Research estimates that the global specialty coffee shop market is expected to grow by almost $40 billion over the next five years. Key drivers for this growth are increased consumption, rapid urbanisation, changing consumer lifestyles, and the increasing popularity of specialty coffee among Gen Z and young millennials.
Yet, there is a distinction to be made between the bulk of specialty coffees and extremely high-scoring coffees that can sell for hair-raising prices.
“The term ‘specialty coffee’ was coined to distinguish the coffees that are worthy of appreciation from commodity coffee,” says Harry Lo, the manager at Knockbox Coffee Company in Hong Kong. “However, high-end coffees are not only of superior quality, but they also are rare and limited in supply.”
For most people, the journey into specialty coffee doesn’t begin with an ultra-high-scoring coffee. The sector has largely grown from the bottom up as more people gradually discover and appreciate a better cup of coffee.

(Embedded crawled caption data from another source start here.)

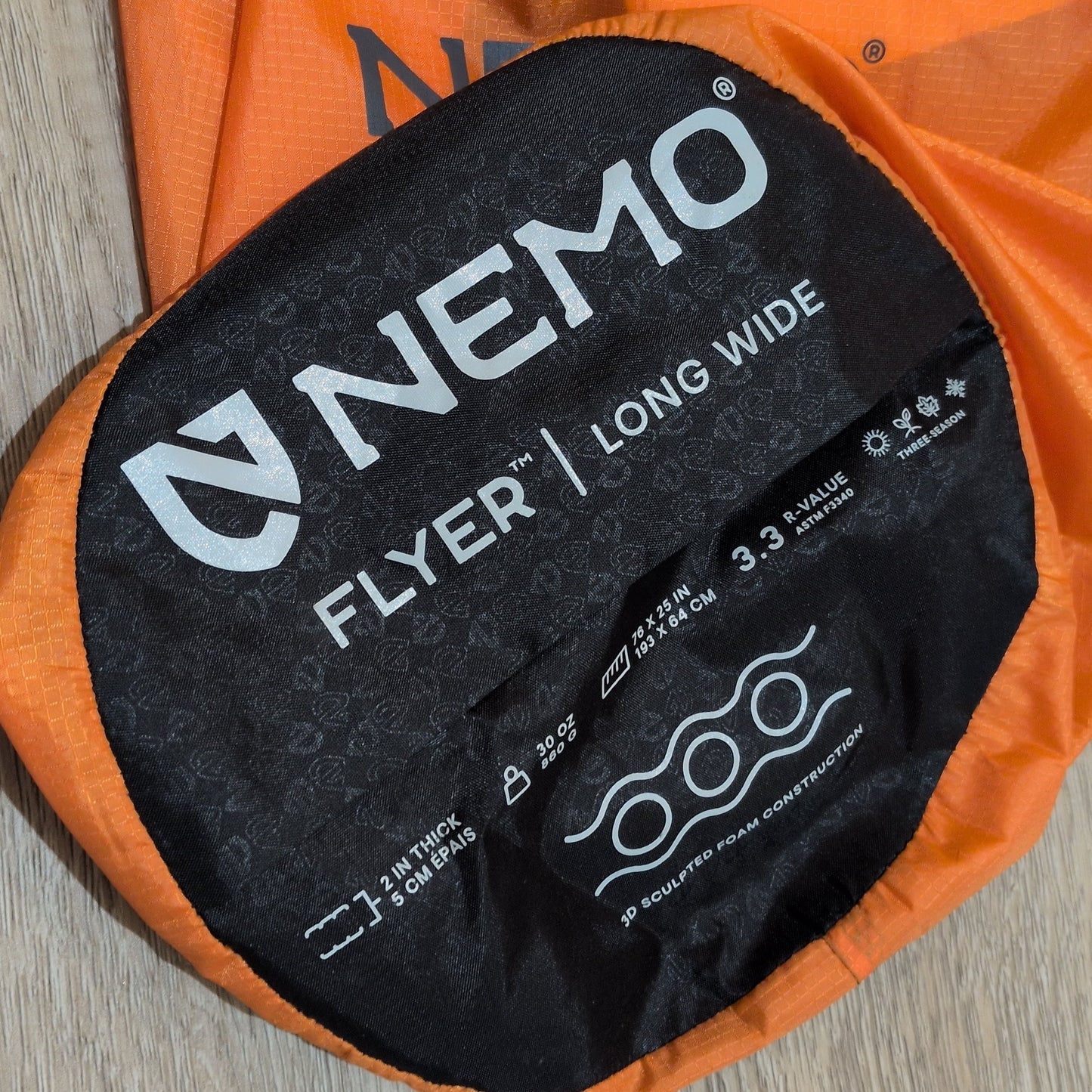 Nemo Flyer Sleeping Pad (76"x25"x2")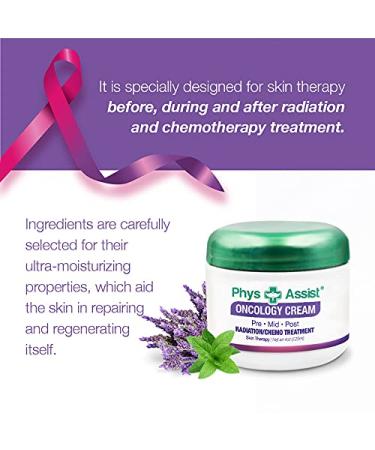 PhysAssist Oncology Body Cream with Botanicals (4 oz jar + 1.5 oz) Soothing and Hydrating to Stressed Skin. Made with Lavender Calendula and Peppermint. Non-Irritant Clinically Tested. - Buy Online on GoSupps.com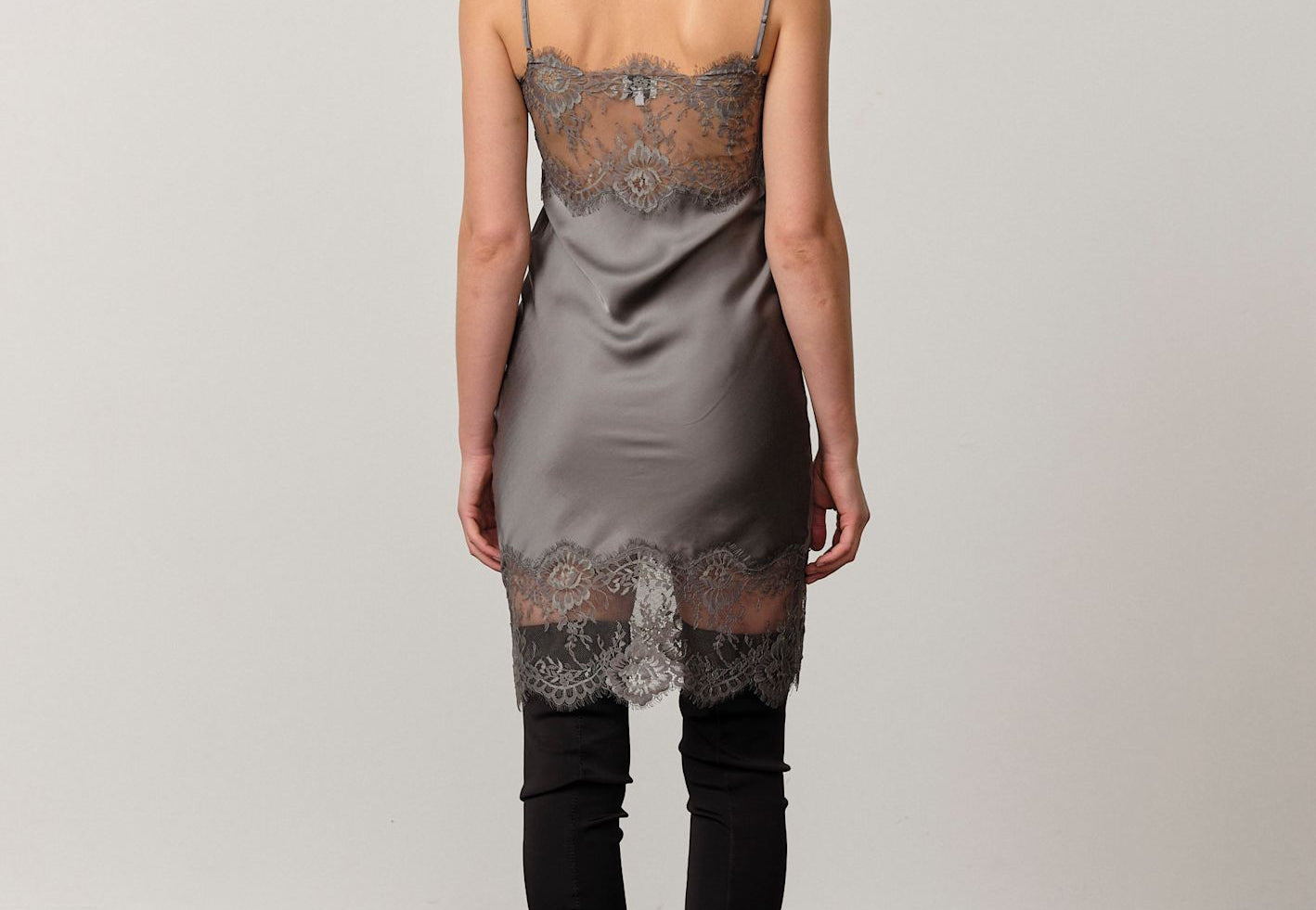 herskind lace dress Herskind Micke Lace-trimmed Slip Dress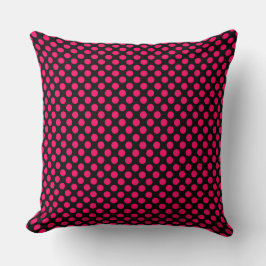 Hot Pink Polka Dots Throw Kissen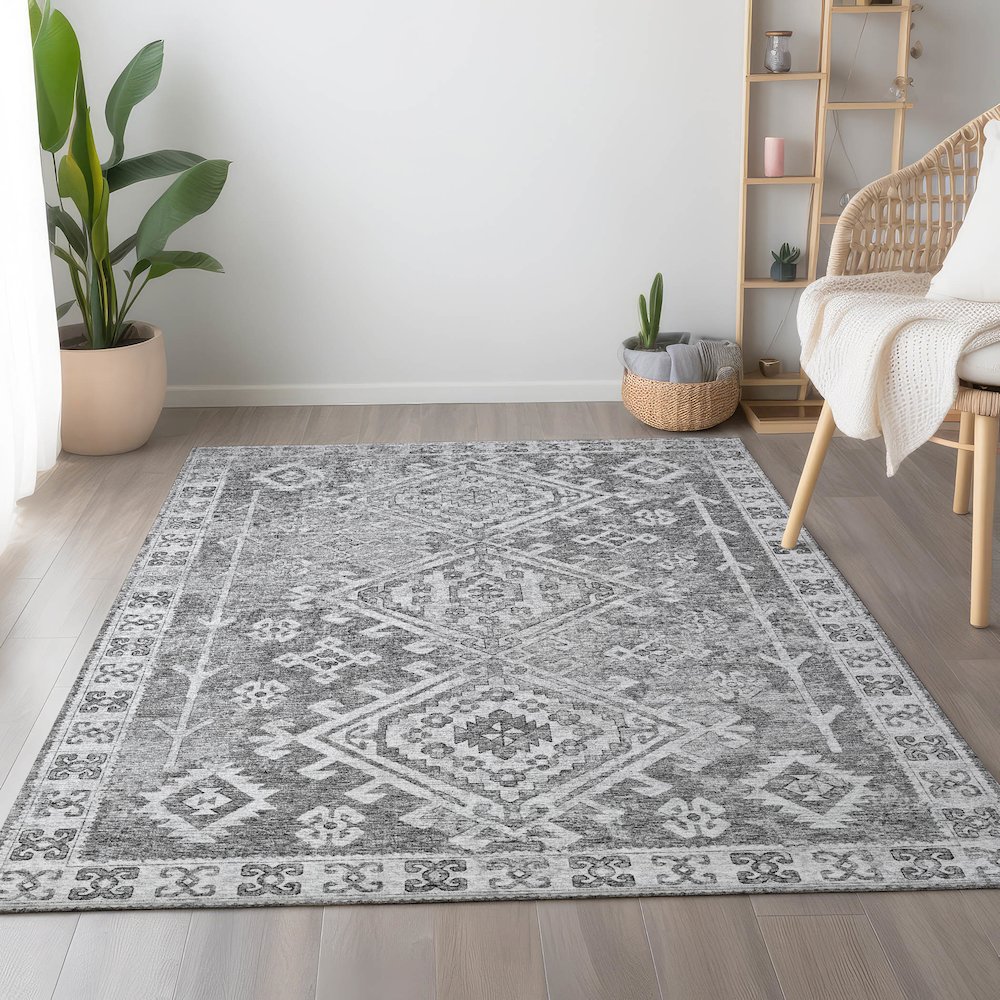 Premium Machine Washable Mayfield  Ash 5' x 7'6" Rug. Picture 5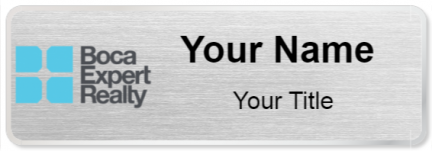 Custom name badges for Boca Expert Realty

This begs the question: is the industry overestimating the size of the market for high-end specialty coffees and the role they have to play in pushing the sector forwards?

Raising specialty coffee’s profile
As these high-end coffees account for such a small volume of the specialty coffee market, their sales volume naturally remains small in comparison to the bulk of coffees in the sector.

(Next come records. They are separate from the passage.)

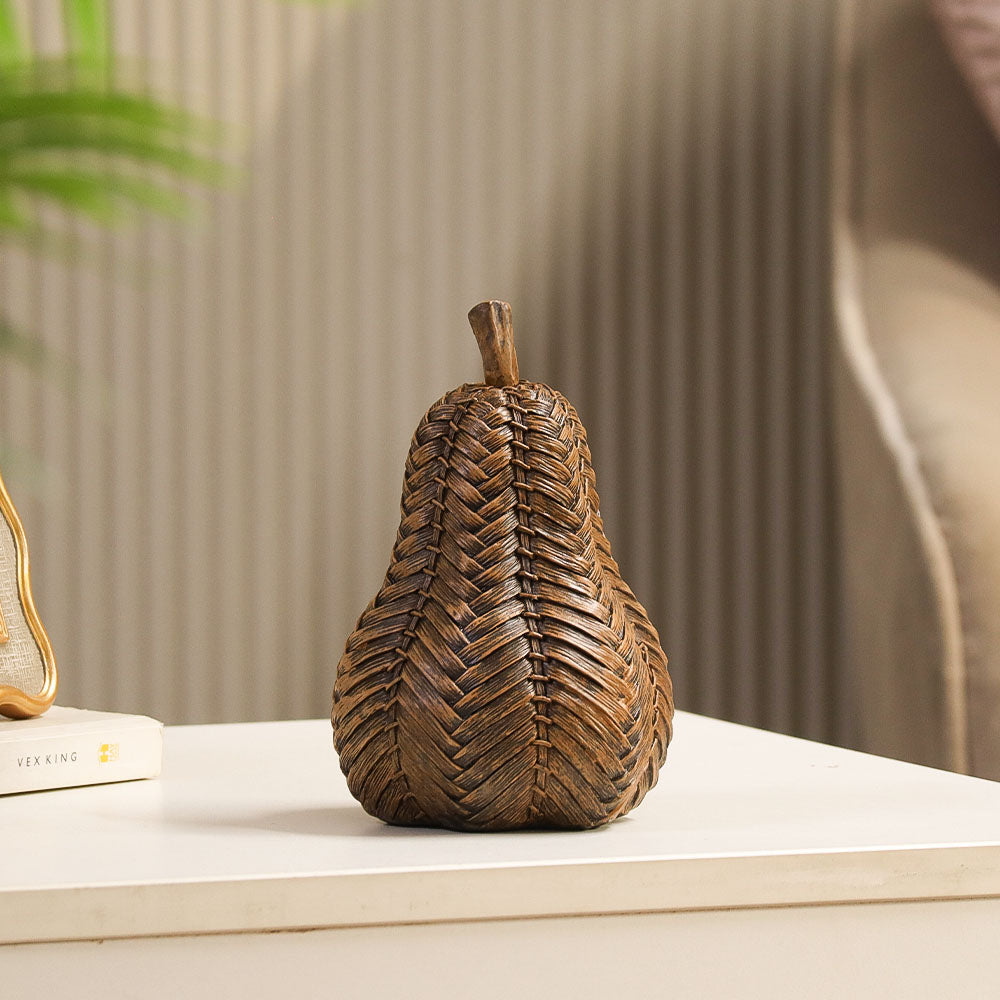 Finley Pear Decorative Sculpture - Brown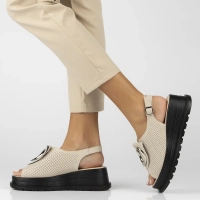 Leather sandals Filippo DS6756/25 BE beige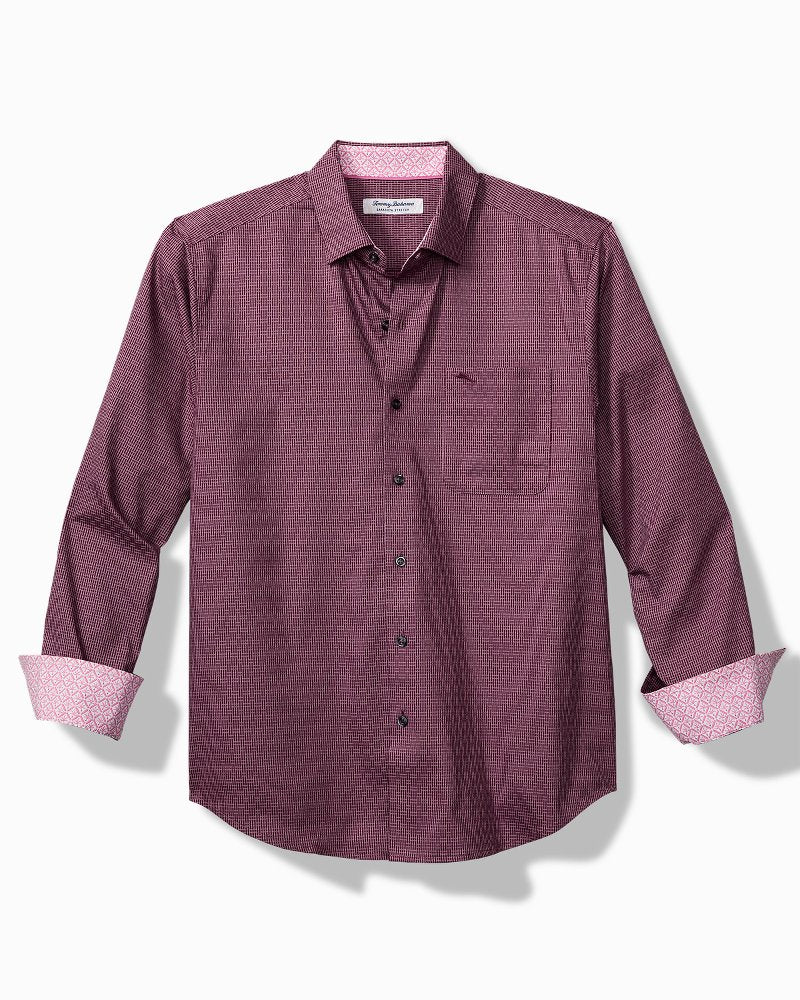Big & Tall Sarasota Stretch Ventura Isles IslandZone® Stripe Shirt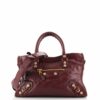 BalenciagaCityGiantStudsBagLeatherSmallred1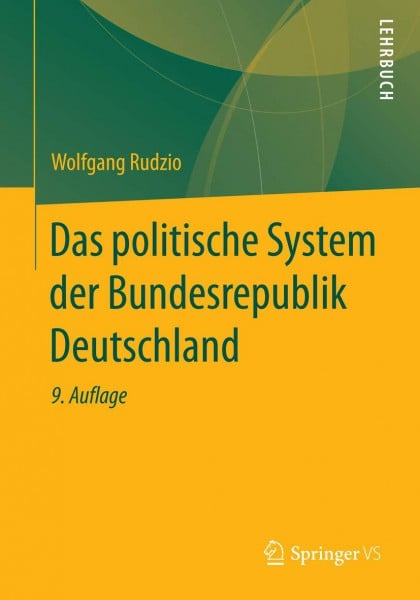 Rudzio, Wolfgang Das politische System der Bundesrepublik Deutschland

However, for some, their prestige in the industry contributes a value to the specialty coffee sector that is less tangible than sheer sales volume.
“Young people in Hong Kong love to follow trends,” Harry says. “And the trend is to seek something unique, rare, and worthy of discussion.
“From barista competition live streams to stories about farmers from across the world, people can stay up to date with the latest news in coffee. Plus, the rise in e-commerce in the industry means that consumers are able to taste high-end coffees from across the world – exclusive coffees are now more exposed than ever.”
For example, the Cup of Excellence debuted in the late 1990s. It now takes place in several countries across the world, with the winning coffees being sold through online auctions. Competitions such as the World Barista Championship also provide a platform to showcase these extremely high-scoring specialty coffees, and demonstrate the new heights being reached in the industry.
For roasters, rare or exclusive coffees might not be the most valuable in terms of sales volume, but they can be powerful as a marketing tool. For instance, buying an ultra-high-quality lot can communicate a reputation for experimentation within the sector. This can then attract more buyers on a general scale – many of whom won’t actually purchase (or be able to purchase) these extremely high-quality coffees.

Scaling high-end coffees
There is a growing body of evidence that the fourth wave of coffee can be characterised by the commercialisation of the specialty coffee sector.
For example, the growth of specialty coffee capsules and higher-quality instant coffee shows that more brands are ready to embrace convenience.
This is how specialty coffee roasters grow and scale – not by selling small volumes of ultra-high-quality coffees, but rather by improving quality at scale.
“Selling high-end specialty coffees cup by cup is not the key to scaling up a brand,” Harry says. “Because of the high price, mark up for those incredibly expensive lots are typically moderate and are hardly profitable at all.”
However, as RTD cans and cold coffee drive growth in the sector, Harry does see an opportunity for high-scoring coffees to drive innovation within the segment specifically.
“I think a better way to market high-end coffees is through spinning the product so it is attractive to a broader audience,” Harry says. “For instance, CoE auctioned lots in bottled cold brew, a canned carbonic macerated Yirgacheffe that hits a supermarket shelf, or even a 90-point Panama Gesha capsule.”
It’s easy to see that we are overestimating the market for these ultra-high-scoring coffees. But what is more important to realise is that this doesn’t make these coffees irrelevant. In many cases, their value goes beyond sales volume.
For many roasters, they are key to a marketing strategy which will showcase how specialty coffee can innovate and experiment. And for better or worse, that will continue to be the case – even as specialty coffee focuses on other areas for growth.